The fact that we invited it to take over KEB when there was no willing buyer appears to have been erased from our memory.
Whenever it tried to sell its stake and leave, we came up with one excuse after another and held it back.
When Kookmin Bank tried to buy KEB, we blocked it, not being able to bear to see Lone Star get away with big capital gains. If the deal had been consummated then, chances are that “our losses” would have been significantly less.
Besides, the protracted tug-of-war over the KEB sale must have adversely affected Korea’s wish to become a financial center.
Of course, this doesn’t mean that we should circumvent legal processes to prompt Lone Star’s exit.
Still, we appear to learn little from the eight-year Lone Star saga.
Even now, our collective judgment can sway from one direction to another because different interests are competing to influence the final stage of the process to loosen Lone Star from KEB.
It goes without saying Lone Star wants the biggest payoff possible from its sale of the KEB stake to Hana Financial.
Hana also wants the deal to be promptly sealed. After all, it has built its future on the acquisition of KEB.
KEB’s union doesn’t want the deal to be completed because it could mean a dent to the job security of its members and their handsome paychecks. The KEB unionists have the backing of other unions.
Regulators are pondering what their clearance for the deal will mean at a time when the administration is in its last year of governance. Wrapping all these up spells election-year volatility. With National Assembly elections scheduled for April and a presidential poll for December, politicians are ready to bend in whichever direction they think they need to in order to get more votes.
All these confusing circumstances come down to two core issues.
First, regulators have to decide whether Lone Star is a non-financial firm. If it is, this will mean that Lone Star was not qualified to take over KEB in the first place.

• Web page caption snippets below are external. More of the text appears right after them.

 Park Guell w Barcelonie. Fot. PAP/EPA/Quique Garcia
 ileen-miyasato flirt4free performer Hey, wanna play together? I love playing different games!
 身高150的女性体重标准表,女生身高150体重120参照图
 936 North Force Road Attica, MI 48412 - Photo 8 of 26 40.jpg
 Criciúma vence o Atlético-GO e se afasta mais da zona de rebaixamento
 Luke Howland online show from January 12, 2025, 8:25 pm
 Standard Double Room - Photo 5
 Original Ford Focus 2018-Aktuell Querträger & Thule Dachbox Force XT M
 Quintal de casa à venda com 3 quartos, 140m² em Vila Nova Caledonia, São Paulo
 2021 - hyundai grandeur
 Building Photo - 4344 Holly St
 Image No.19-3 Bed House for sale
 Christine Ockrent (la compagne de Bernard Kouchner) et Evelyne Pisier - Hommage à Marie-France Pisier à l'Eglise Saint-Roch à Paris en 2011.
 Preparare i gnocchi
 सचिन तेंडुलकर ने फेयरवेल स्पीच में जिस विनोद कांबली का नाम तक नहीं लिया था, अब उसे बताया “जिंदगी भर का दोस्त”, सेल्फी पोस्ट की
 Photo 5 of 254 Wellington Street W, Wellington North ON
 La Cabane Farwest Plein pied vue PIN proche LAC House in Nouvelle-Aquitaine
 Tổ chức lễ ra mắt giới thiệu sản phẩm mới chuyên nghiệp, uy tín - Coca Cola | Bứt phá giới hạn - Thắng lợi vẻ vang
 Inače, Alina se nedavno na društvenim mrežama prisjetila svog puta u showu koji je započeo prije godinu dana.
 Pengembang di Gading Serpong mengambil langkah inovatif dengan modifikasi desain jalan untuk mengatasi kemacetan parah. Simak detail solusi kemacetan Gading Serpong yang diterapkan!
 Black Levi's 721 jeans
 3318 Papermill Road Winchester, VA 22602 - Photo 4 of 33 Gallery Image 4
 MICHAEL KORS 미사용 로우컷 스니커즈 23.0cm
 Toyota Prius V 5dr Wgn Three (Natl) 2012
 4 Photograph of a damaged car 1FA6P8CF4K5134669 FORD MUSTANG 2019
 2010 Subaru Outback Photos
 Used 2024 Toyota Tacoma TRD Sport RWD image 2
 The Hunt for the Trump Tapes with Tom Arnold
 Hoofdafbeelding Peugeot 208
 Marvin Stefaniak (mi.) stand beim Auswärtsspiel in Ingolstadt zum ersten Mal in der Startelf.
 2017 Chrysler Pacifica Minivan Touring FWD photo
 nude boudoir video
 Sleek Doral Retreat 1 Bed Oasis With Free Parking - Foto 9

Second, if so, they could order Lone Star to sell its stake through the stock market, in the process nullifying the Lone Star-Hana deal.
If Lone Star is ruled to be a non-financial firm, it would be as good as regulators admitting that their predecessors committed a major dereliction of duty.
Thus, it would be little out of the ordinary if the current regulators try and find a way of minimizing the extent of the mistake committed by their predecessors. After all, they are intertwined with each other by school ties or the same regional backgrounds or a sense of camaraderie as senior bureaucrats.
The regulators who approved the deal would also argue that they did their best to keep KEB afloat at a time when it was under siege in the aftermath of the 1998 currency crisis.
But the bigger problem would be if regulators rule that Lone Star is a non-financial firm and apply that ruling retroactively. They would certainly feel tempted to do so, because they could argue that they followed the rules strictly so they were safe from attempts by the succeeding administration to right the wrongs of the previous government.
When they do, this could mean unhinging the Hana-Lone Star deal and depriving Lone Star of a significant amount it is promised as a “premium” from Hana, forcing the fund to deleverage its stake through the market.
One doesn’t have to be a Lone Star proponent to say that this is not fair.
We may feel vindicated to tell Lone Star to leave with what you can, pointing out that it has earned enough already.
On the other hand, enough is a very relative term in the arena of investments. We know it and Lone Star knows it.
It is worth putting ourselves in Lone Star’s position not out of sympathy but in preparation for when we might find ourselves in its shoe.
If Lone Star invested what it paid KEB for in other entities, it could have earned more. Quite possibly, it could have earned less. But that is the game we decided to play, when we took Lone Star in.
So we need to play by the rules.
If we don’t, it wouldn’t immediately chase away foreign investors. They would flock to where they think they can make money but chances are that they have a doubt or two in the back of their minds, while thinking about doing business with us. That could prevent us from fulfilling our potential to be a global financial player.
The choice is ours to make: Do we prove to be a sore loser vexed over an immediate loss or take it in stride and move on for a bigger payoff?
There is little dispute that the Lone Star case is a costly lesson but, if we put it into better use, we may actually get away with more than we think.
So let Lone Star and everything in the past associated with it go. There is no reason to suffer from the Lone Star heartburn anymore and use it as our whipping boy. We have outgrown that stage.